Open Source

NVIDIA admits to only 2x performance boost at max throughput with new generation of Rubin GPUs

NVIDIA's next-gen Rubin GPUs show just a 2x speedup in production workloads, raising efficiency concerns.

Deep Dive

NVIDIA has provided a more grounded performance expectation for its next-generation Rubin AI GPUs, revealing that the R200 chip will deliver only about a 2x throughput increase over the current flagship Blackwell B200 in maximum production workloads. This admission comes as the company moves to more direct "apples-to-apples" comparisons, contrasting chips with similar memory configurations rather than the previous practice of comparing an 80GB HBM3e Blackwell chip against a 288GB HBM3e Rubin chip. The 2x figure represents the real-world gain for the vast majority of companies running data centers at full utilization.

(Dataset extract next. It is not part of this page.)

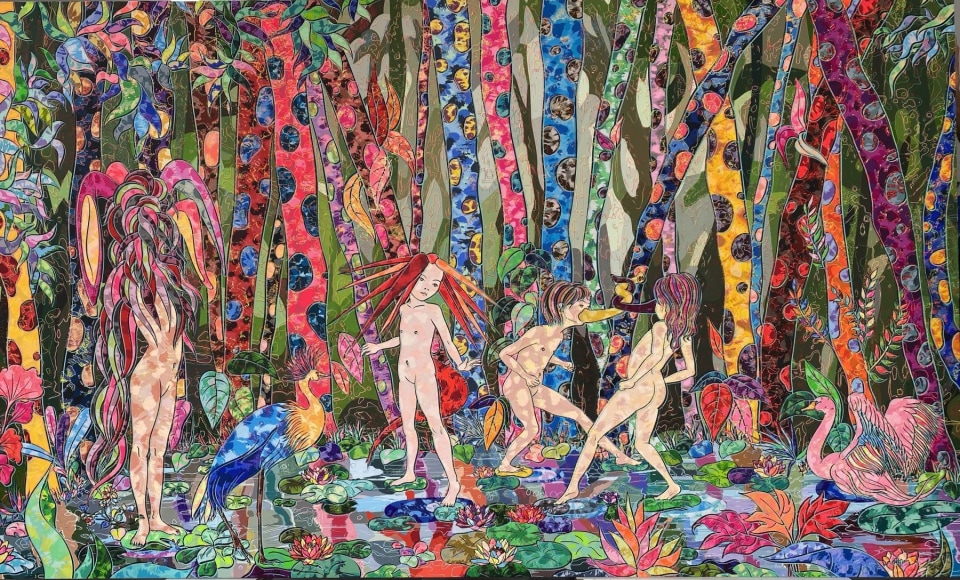 Indefinite Flow, 2021 52 x 86 inches Acrylic on Canvas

Despite the Rubin architecture's impressive theoretical specs—including nearly 3x the memory bandwidth and approximately 5x the FP4 performance—these improvements translate to a more modest doubling of output. This performance uplift comes with a significant power cost: the R200 has a Thermal Design Power (TDP) of 2300W, compared to the B200's 1000W. This means data centers would use 2.3x more power per GPU to achieve 2x the performance, raising immediate questions about the generation's power efficiency and total cost of ownership for large-scale AI training and inference clusters.

Key Points
  • NVIDIA's Rubin R200 offers only a 2x throughput boost over Blackwell B200 in max production workloads.
  • The chip requires 2300W TDP (2.3x B200's power) for that gain, highlighting potential efficiency concerns.
  • The company is now comparing similar memory configs, moving away from misleading 80GB vs. 288GB benchmarks.

Why It Matters

For AI companies, this sets realistic expectations for data center upgrades and highlights rising power costs as a critical bottleneck.